START EXTRACTED DATA

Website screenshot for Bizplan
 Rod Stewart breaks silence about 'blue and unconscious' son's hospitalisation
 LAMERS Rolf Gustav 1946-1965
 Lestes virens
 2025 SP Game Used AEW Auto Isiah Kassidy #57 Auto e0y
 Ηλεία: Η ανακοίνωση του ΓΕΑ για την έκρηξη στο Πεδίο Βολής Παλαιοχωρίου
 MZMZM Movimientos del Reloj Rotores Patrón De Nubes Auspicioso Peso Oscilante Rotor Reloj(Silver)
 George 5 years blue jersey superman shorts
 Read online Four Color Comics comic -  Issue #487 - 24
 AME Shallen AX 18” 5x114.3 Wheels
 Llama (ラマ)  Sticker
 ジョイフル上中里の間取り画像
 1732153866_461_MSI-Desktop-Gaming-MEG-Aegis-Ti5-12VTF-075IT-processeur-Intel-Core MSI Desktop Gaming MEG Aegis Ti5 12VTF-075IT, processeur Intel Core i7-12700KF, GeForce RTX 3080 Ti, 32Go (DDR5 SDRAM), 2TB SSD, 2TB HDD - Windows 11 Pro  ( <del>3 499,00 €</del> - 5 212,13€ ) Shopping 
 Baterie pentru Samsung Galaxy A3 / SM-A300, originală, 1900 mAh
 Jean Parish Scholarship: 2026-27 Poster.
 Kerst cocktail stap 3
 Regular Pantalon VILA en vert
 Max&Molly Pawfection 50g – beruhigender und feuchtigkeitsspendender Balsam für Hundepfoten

END EXTRACTED DATA

WHAT YOU HAVE TO DO »
Copy the whole listing out exactly, so that every line matches what is above.

REPLY TO THE EXERCISE »
Website screenshot for Bizplan
 Rod Stewart breaks silence about 'blue and unconscious' son's hospitalisation
 LAMERS Rolf Gustav 1946-1965
 Lestes virens
 2025 SP Game Used AEW Auto Isiah Kassidy #57 Auto e0y
 Ηλεία: Η ανακοίνωση του ΓΕΑ για την έκρηξη στο Πεδίο Βολής Παλαιοχωρίου
 MZMZM Movimientos del Reloj Rotores Patrón De Nubes Auspicioso Peso Oscilante Rotor Reloj(Silver)
 George 5 years blue jersey superman shorts
 Read online Four Color Comics comic -  Issue #487 - 24
 AME Shallen AX 18” 5x114.3 Wheels
 Llama (ラマ)  Sticker
 ジョイフル上中里の間取り画像
 1732153866_461_MSI-Desktop-Gaming-MEG-Aegis-Ti5-12VTF-075IT-processeur-Intel-Core MSI Desktop Gaming MEG Aegis Ti5 12VTF-075IT, processeur Intel Core i7-12700KF, GeForce RTX 3080 Ti, 32Go (DDR5 SDRAM), 2TB SSD, 2TB HDD - Windows 11 Pro  ( <del>3 499,00 €</del> - 5 212,13€ ) Shopping 
 Baterie pentru Samsung Galaxy A3 / SM-A300, originală, 1900 mAh
 Jean Parish Scholarship: 2026-27 Poster.
 Kerst cocktail stap 3
 Regular Pantalon VILA en vert
 Max&Molly Pawfection 50g – beruhigender und feuchtigkeitsspendender Balsam für Hundepfoten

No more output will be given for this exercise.